• _GIVEN MATERIAL_:
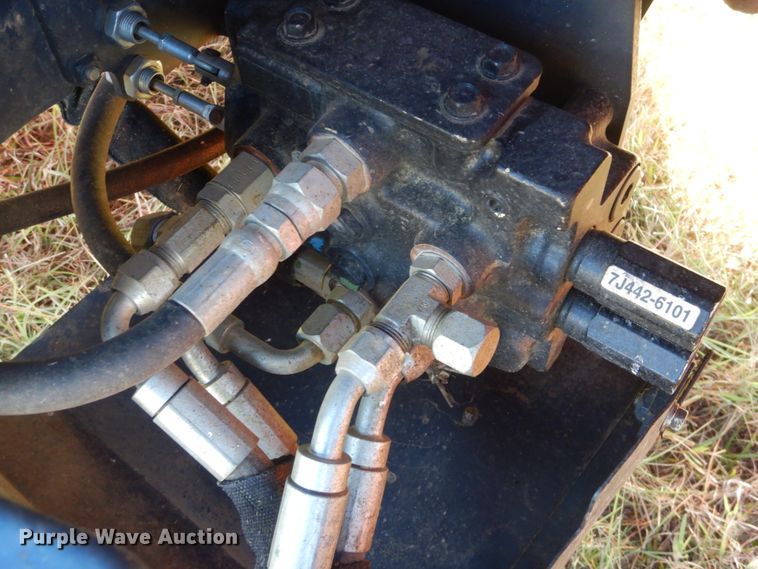 image for item GC9655 2017 Kubota M5-111D MFWD tractor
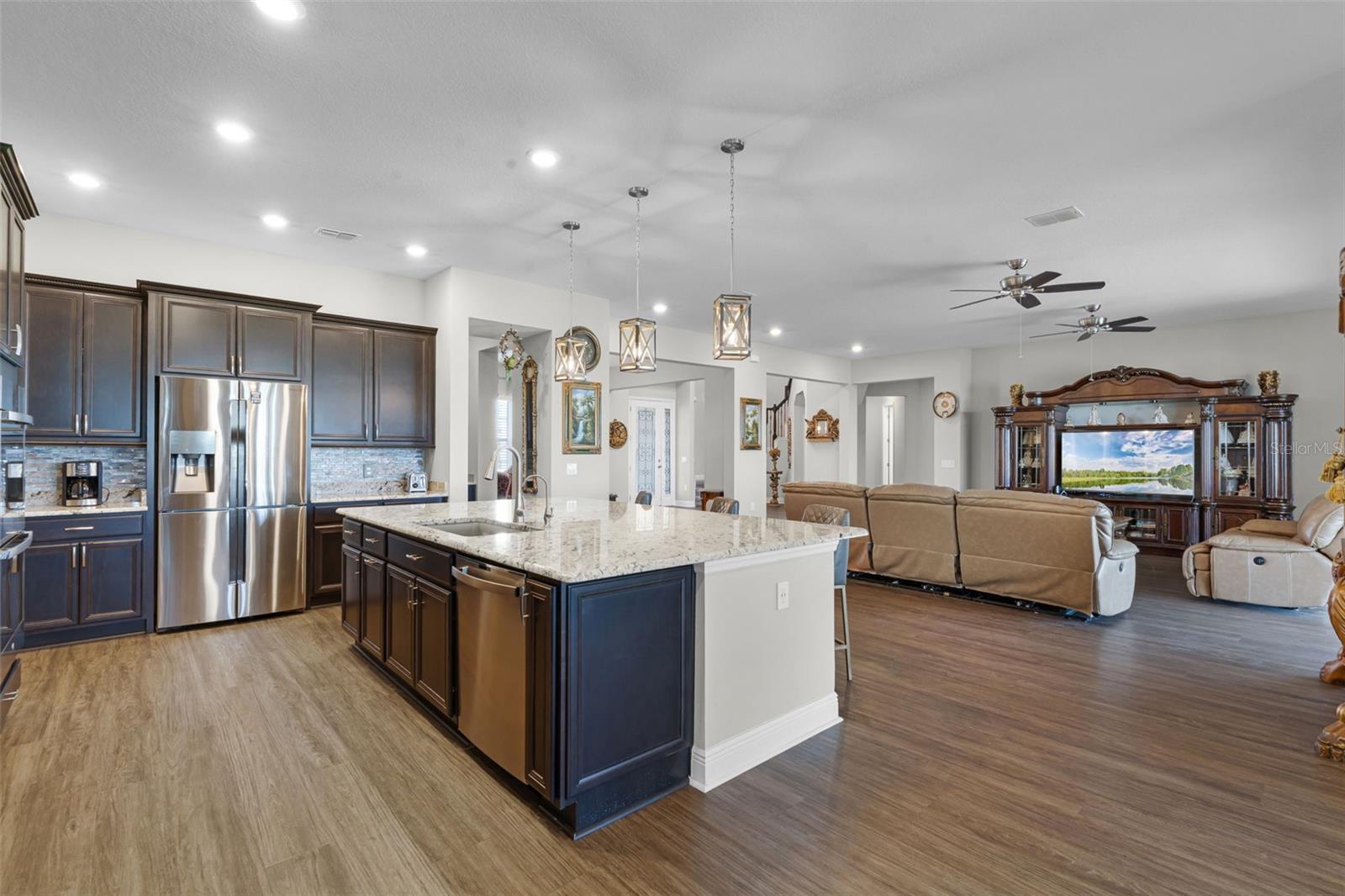 BELLALAGO PH 6H & 6I - Residential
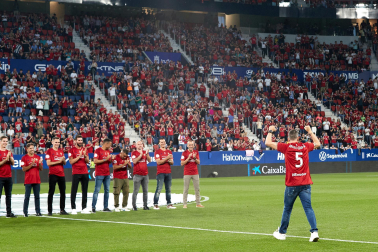 Fotos del partido Osasuna-Real Sociedad y del homenaje a la plantilla de 2005./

• _TASK GOAL_: Return the listing above in full and exactly, omitting all pictures.

• _ANSWER_:
 image for item GC9655 2017 Kubota M5-111D MFWD tractor
 BELLALAGO PH 6H & 6I - Residential
 Fotos del partido Osasuna-Real Sociedad y del homenaje a la plantilla de 2005./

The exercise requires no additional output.